Tuesday, August 25, 2015

Novel Slop Buckets and something akin to happiness

The Cheshire Rabbit
(by me)

Novel Slop Buckets and something akin to happiness 

            I am working on a novel.  I am always working on a novel.  I completed the first rough draft of my first novel manuscript more than 30 years ago.  Since then, I have completed a few other first rough drafts and started more than 25 novels, most of which are unfinished for a variety of reasons.  None of them are published, though I have published poetry and short stories in literary journals.  No “real” books. 
            Since I am now sixty-nine years old, headed toward the big seven-OH, there's a good chance I will die without ever publishing any of my novels.  So, why do I keep writing?  Why don't I just "relax and enjoy life?" 
            Because, for one things, I enjoy writing.
            For another, if I am truthful, I always harbor the perennial hope of getting published, slim though it may be. 
            The novel I am currently working on is called Discovery at Little Hog Island.  Dana, a fifty-five year old Kindergarten teacher, takes a biology class that requires a summer project.  She arrives in Maine only to stumble onto a suspicious death that occurred 35 years ago.  Curiosity gets the better of her, and she becomes embroiled in a story that begins to threaten her life and stir up unpleasant memories from her own past. 
            I posted parts of this novel on one of my blogs, but discovered that it is difficult for people to follow a novel in blog installments.

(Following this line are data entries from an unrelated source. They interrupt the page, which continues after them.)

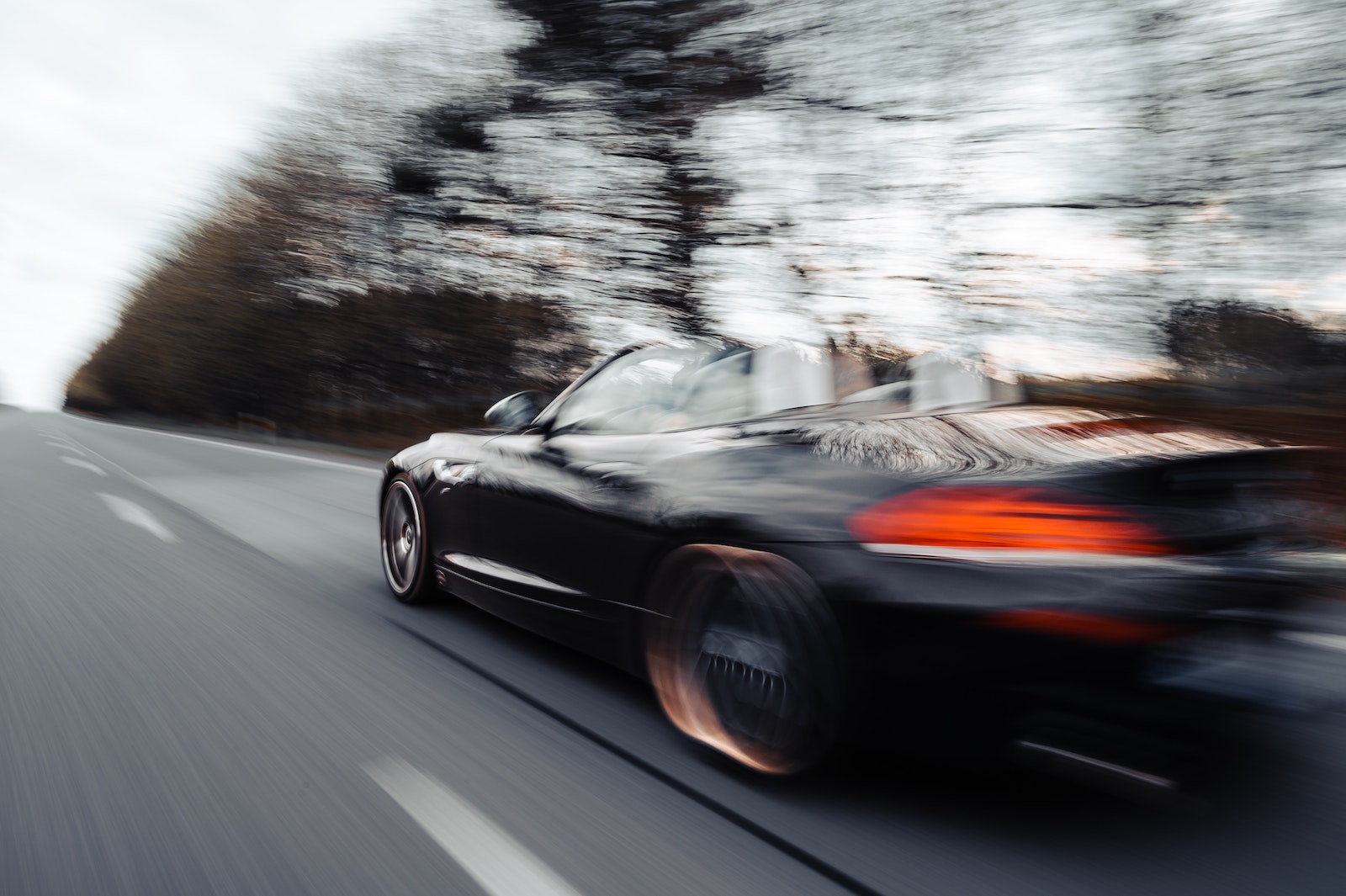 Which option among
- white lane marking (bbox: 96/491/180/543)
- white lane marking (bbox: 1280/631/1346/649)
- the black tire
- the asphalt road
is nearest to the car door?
the asphalt road

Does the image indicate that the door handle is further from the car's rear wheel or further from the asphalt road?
the asphalt road

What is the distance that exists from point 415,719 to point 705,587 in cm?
108

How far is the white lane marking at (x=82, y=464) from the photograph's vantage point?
1305 centimetres

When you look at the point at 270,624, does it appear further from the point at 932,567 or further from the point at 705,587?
the point at 932,567

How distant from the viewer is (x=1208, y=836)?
2314mm

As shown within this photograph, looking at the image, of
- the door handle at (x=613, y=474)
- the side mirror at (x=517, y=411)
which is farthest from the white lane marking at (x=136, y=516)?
the door handle at (x=613, y=474)

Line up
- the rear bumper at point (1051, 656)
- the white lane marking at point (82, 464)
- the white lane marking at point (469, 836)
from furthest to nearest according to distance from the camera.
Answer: the white lane marking at point (82, 464) < the white lane marking at point (469, 836) < the rear bumper at point (1051, 656)

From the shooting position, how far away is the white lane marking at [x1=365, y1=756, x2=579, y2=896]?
2.10 metres

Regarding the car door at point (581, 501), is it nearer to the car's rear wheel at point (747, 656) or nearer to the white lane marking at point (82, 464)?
the car's rear wheel at point (747, 656)

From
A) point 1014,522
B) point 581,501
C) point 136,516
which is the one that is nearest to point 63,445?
point 136,516

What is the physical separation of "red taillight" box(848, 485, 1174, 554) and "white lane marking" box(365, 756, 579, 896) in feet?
3.50

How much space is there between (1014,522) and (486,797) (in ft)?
4.89

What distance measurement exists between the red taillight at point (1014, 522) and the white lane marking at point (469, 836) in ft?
3.50

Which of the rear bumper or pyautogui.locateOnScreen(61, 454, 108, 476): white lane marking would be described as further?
pyautogui.locateOnScreen(61, 454, 108, 476): white lane marking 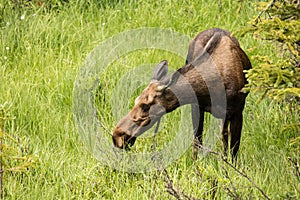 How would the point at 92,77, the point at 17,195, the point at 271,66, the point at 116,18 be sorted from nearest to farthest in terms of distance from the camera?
1. the point at 271,66
2. the point at 17,195
3. the point at 92,77
4. the point at 116,18

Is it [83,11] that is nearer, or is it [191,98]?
[191,98]

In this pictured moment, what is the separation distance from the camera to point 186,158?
19.0ft

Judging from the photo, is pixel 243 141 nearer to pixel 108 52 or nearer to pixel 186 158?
pixel 186 158

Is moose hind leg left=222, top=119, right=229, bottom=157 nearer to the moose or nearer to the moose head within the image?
the moose

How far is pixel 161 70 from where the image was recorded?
525cm

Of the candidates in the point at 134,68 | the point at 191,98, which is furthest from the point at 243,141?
the point at 134,68

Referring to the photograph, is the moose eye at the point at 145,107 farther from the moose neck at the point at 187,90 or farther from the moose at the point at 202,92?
the moose neck at the point at 187,90

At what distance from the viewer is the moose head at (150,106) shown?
530 centimetres

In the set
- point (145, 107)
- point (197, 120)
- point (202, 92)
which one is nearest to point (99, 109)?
point (197, 120)

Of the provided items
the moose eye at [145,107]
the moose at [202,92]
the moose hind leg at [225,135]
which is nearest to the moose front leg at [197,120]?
the moose at [202,92]

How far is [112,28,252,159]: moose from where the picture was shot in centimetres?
533

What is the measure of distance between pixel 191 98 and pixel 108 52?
6.83ft

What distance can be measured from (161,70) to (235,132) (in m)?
0.95

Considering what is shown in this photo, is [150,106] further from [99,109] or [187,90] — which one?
[99,109]
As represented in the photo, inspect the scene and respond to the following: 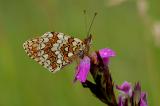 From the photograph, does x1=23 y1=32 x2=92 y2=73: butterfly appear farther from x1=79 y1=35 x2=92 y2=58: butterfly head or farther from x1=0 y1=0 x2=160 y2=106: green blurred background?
x1=0 y1=0 x2=160 y2=106: green blurred background

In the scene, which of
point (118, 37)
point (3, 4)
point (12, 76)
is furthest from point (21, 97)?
point (3, 4)

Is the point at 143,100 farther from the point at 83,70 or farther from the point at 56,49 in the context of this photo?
the point at 56,49

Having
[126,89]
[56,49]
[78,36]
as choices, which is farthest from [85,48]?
[78,36]

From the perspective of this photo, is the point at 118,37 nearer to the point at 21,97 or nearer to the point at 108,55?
the point at 21,97

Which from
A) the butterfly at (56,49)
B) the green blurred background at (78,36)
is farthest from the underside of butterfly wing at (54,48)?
the green blurred background at (78,36)

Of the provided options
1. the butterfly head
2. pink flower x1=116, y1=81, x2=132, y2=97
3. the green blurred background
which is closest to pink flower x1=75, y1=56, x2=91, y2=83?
the butterfly head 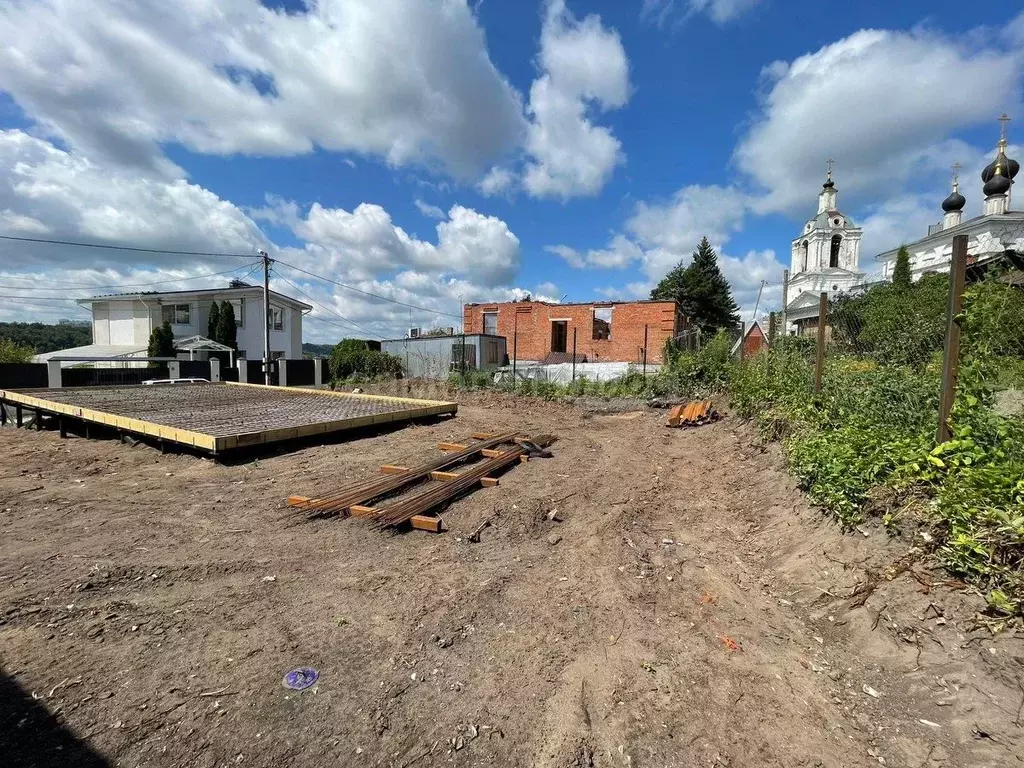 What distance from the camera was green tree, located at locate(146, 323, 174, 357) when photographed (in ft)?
84.8

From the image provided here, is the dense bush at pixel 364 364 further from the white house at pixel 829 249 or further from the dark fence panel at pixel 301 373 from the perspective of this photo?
the white house at pixel 829 249

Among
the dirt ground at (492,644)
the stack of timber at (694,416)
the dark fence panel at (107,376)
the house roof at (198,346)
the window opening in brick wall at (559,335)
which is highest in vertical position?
the window opening in brick wall at (559,335)

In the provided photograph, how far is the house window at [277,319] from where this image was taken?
1273 inches

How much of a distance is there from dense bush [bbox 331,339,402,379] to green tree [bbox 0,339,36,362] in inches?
689

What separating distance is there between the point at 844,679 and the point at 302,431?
7.82m

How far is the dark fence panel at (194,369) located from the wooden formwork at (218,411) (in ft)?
16.6

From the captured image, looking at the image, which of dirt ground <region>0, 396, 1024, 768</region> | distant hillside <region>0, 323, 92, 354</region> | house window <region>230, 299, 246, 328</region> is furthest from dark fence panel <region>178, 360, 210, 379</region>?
distant hillside <region>0, 323, 92, 354</region>

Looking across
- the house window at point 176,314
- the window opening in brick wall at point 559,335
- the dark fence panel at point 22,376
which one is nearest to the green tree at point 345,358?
the dark fence panel at point 22,376

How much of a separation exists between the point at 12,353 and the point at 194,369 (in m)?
14.5

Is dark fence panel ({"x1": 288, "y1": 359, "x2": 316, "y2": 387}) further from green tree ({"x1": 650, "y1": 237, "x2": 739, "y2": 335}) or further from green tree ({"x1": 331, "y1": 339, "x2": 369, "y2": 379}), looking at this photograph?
green tree ({"x1": 650, "y1": 237, "x2": 739, "y2": 335})

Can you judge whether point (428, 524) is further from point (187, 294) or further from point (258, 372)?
point (187, 294)

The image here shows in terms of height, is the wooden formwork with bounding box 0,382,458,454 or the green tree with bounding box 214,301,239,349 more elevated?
the green tree with bounding box 214,301,239,349

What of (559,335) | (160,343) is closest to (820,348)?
(559,335)

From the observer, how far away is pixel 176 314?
98.2 ft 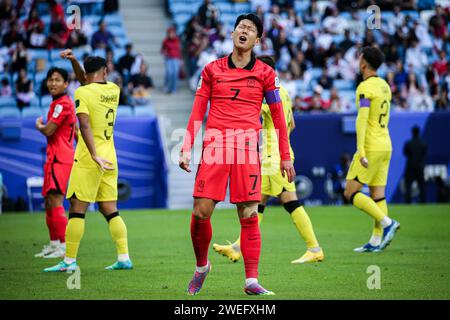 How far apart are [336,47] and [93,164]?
17.0 metres

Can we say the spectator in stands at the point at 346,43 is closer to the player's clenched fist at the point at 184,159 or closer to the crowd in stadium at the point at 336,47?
the crowd in stadium at the point at 336,47

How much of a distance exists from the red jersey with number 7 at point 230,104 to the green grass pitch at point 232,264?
→ 1359 millimetres

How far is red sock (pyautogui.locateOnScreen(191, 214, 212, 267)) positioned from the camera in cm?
819

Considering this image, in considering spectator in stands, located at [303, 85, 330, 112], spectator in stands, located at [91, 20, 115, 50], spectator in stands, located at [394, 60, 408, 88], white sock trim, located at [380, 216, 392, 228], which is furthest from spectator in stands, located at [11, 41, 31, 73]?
white sock trim, located at [380, 216, 392, 228]

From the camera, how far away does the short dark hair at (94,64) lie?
1027cm

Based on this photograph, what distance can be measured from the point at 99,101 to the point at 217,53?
1517 cm

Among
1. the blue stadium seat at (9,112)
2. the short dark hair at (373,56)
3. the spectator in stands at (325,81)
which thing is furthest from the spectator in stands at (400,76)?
the short dark hair at (373,56)

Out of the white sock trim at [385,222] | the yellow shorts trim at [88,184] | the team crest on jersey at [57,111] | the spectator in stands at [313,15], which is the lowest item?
the white sock trim at [385,222]

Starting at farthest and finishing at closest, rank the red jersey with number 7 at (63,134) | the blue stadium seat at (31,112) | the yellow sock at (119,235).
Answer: the blue stadium seat at (31,112)
the red jersey with number 7 at (63,134)
the yellow sock at (119,235)

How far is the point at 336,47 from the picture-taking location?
86.3 ft

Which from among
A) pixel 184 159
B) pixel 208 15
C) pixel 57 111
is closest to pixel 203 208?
pixel 184 159

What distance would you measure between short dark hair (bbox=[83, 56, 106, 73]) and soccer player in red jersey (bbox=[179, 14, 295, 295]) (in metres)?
2.34

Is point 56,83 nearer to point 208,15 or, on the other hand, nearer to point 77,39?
point 77,39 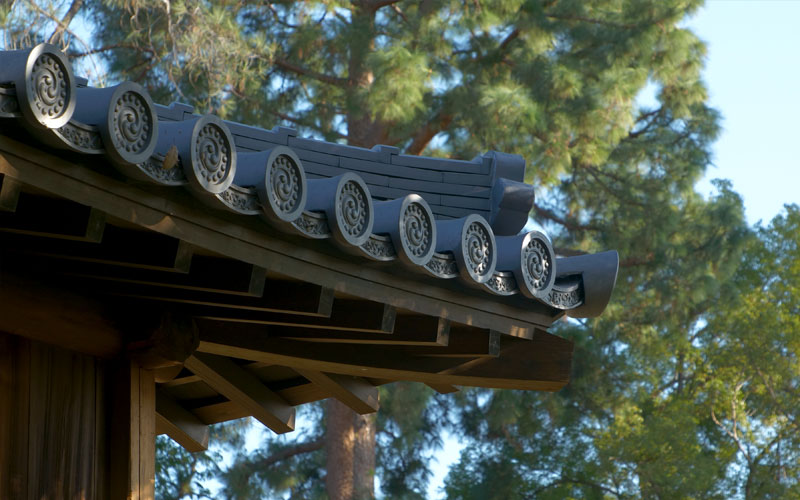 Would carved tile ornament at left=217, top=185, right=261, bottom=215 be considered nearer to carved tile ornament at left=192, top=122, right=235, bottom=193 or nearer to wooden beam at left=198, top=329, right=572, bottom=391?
carved tile ornament at left=192, top=122, right=235, bottom=193

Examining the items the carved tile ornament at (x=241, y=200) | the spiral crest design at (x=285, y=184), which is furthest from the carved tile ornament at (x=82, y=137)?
the spiral crest design at (x=285, y=184)

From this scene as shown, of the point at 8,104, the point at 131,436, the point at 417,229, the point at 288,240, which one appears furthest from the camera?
the point at 131,436

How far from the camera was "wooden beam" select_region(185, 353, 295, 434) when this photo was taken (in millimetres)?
3147

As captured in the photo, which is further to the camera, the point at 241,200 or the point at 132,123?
the point at 241,200

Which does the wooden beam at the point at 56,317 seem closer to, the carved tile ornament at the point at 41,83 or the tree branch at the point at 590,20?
the carved tile ornament at the point at 41,83

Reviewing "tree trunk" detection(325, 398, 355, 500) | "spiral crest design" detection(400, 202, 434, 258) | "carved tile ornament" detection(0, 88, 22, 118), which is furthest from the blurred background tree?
"carved tile ornament" detection(0, 88, 22, 118)

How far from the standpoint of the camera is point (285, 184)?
2.19 meters

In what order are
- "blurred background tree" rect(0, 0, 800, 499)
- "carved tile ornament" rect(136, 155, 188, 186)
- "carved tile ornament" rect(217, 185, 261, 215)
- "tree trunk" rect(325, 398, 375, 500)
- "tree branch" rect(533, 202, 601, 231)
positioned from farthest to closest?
1. "tree branch" rect(533, 202, 601, 231)
2. "tree trunk" rect(325, 398, 375, 500)
3. "blurred background tree" rect(0, 0, 800, 499)
4. "carved tile ornament" rect(217, 185, 261, 215)
5. "carved tile ornament" rect(136, 155, 188, 186)

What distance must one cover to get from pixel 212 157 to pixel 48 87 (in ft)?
1.26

My readers kept dwindling. Or maybe it was just a terrible novel.  But I like it.
            In addition to Little Hog Island, my primary novel, I am also working on several others that I keep bubbling on the back burners.  The work stove I keep them on is large and has lots of back burners, some further back than others.  Each is a bucket, a slop bucket into which I keep throwing ideas, characters, scenes, conflicts.  Am I organized about it?  Not hardly.  I can’t even aim for the rights buckets, sometimes, or there may be several buckets for the same novel.
            For example, Rema and Romula.  They are twin girls who were raised by wolves.  They'll probably never found a city.  And the book may not be named after them.  I often work on Rema and Romula while I am walking.  It is difficult to work on a novel while walking, because it is large and unwieldy.  I can't see much of it at once, to review it and edit it, so unless I can give myself some small assignment, I have to work on something new.  Thus, Rema and Romula.  I am gathering ideas, accruing inspiration, creating characters, imagining scenarios. 
            I love writing.  I become quite pleased with myself when I write something I like, whether it's interesting (to me), funny (to me), smart (to me), or pleases me in some other way, it makes me happy.  (The first person I intend to please and entertain is myself!)
            I become despondent when I can't write, or when I decide something I've written is bad or hopelessly flawed.  Sometimes, writing can be a roller coaster.  The smallest thing can please me or knock me down. 
            One of the things I collect in my novel slop buckets are names and nicknames.  Finding the right name for a character is crucial (to me), so when I succeed, it can send me into fits of smiling.  And I know not everyone would agree with my choices.  Some of them would seem downright odd.
            For example, in Rema and Romula, two teachers play primary roles in the as of yet unwritten novel (I've written maybe four or five chapters, some or all of which may need to be rewritten or jettisoned.)  One of the two important teachers is Mr. Alan Mallain.  He is black, in his thirties, large, muscular, handsome, and wears long braids tied back in a pony.  He's married, heterosexual. 
            The kids, in the habit of nicknaming all their teachers with fairly negative nicknames, call him Malign.  They also call him Bo-bo because of his "repeating" name.  Then one of the girls starts calling him Malificent.  The others object.  He's not female, he's not little, and he’s not a fairy (at which the boys all laugh).  It’s too long; it’s cumbersome.  Someone even says, "He's not bad".  But Argiki says, "He bad" and when Argiki says "bad," he means really, really good.  Keisha points out that Mr. Mallain is magnificent.  And everyone agrees.  Malificent sticks.  It's somehow a perfect nickname for the kids to call him.
            And I feel something so akin to happiness, I could readily label it "joy."  Such fun. 

2 comments:

John said...

I like the idea of the buckets for collecting info for different projects. And like you the first person to appreciate and enjoy one's work is one's self. A pleasure and if it is eventually shared all to the good. Writing, for me anyway, certainly exercises the brain in a way that other activities cannot!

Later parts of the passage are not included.